The Return of a Backslidden Blogger

Several friends have chastened me about the fact that I have not made any new posts on my blog since 11/4. I have heard your message loud and clear (to the degree I was actually paying attention). I am contrite (sort of). And it won't happen again (until the next time it happens). All jokes aside, thanks for reading my rambling thoughts. It's encouraging to know that people are reading my thoughts... and a little scary. I intended to blog everyday this week. But I failed to get to it every time. But the backslidden blogger has now returned.

I slept most of this day away. I was just plain old tired. The first half of this week has been rather hectic. And I haven't taken a full day off in some time. So, since I don't have to preach Sunday, I stole some time today to catch up on some much needed sleep. I really didn't do too much of anything constructive today, except for editing my sermon from last night a little bit.
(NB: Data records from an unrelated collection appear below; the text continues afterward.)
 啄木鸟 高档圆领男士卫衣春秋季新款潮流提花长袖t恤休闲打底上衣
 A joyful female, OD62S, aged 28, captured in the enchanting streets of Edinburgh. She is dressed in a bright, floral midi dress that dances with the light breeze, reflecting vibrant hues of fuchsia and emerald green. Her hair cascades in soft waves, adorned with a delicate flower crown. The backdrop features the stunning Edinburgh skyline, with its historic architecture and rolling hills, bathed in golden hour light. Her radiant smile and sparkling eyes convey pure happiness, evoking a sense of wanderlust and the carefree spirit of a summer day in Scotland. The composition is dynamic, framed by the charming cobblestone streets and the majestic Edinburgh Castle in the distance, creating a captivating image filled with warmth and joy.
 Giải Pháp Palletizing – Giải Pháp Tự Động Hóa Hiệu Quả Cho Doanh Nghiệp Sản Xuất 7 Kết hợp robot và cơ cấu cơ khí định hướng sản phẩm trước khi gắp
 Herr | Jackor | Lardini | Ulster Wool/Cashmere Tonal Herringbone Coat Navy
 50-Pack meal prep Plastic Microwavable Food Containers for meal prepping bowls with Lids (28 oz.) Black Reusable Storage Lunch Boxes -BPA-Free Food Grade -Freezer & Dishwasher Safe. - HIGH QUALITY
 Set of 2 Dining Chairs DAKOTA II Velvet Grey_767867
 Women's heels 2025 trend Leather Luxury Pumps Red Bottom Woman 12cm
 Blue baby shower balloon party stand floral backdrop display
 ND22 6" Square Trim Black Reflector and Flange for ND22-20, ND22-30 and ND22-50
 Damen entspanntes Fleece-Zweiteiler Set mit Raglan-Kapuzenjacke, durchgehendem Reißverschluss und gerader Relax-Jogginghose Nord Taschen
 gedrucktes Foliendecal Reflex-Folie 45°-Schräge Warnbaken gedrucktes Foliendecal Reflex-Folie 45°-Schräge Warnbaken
There are a bunch of unfinished projects left on my desk. And I also brought a some work home last night. But I haven't even really thought about it today, much less worked on it. I think I'll be better prepared tomorrow to catch up on the work I need to get done. Maybe

Last night, I preached a sermon in our Midweek Service with a provocative title: "The Danger of Knowing Jesus Too Well." I'm not really into fancy titles. But I really thought it reflected the message of the text. The text was Mark 6:1-6, in which Jesus returns to his hometown of Nazareth, but was unable to do mighty works there because of their unbelief. I argued that a false since of intimacy can detrimentally hinder your faith-relationship to Jesus. Simply, the pride of the Nazarenes would not allow them to put their faith in Jesus because they thought they knew him so well. But they really didn't know him, evidenced by their lack of faith. The bottom-line is that you don't really know Jesus unless you trust him. I won't re-preach the whole sermon here, but I was and am very excited about this message. The congregation seemed very attentive last night. I hope they were blessed by the message. And I do look forward to the next opportunity the Lord will give me to preach that sermon again.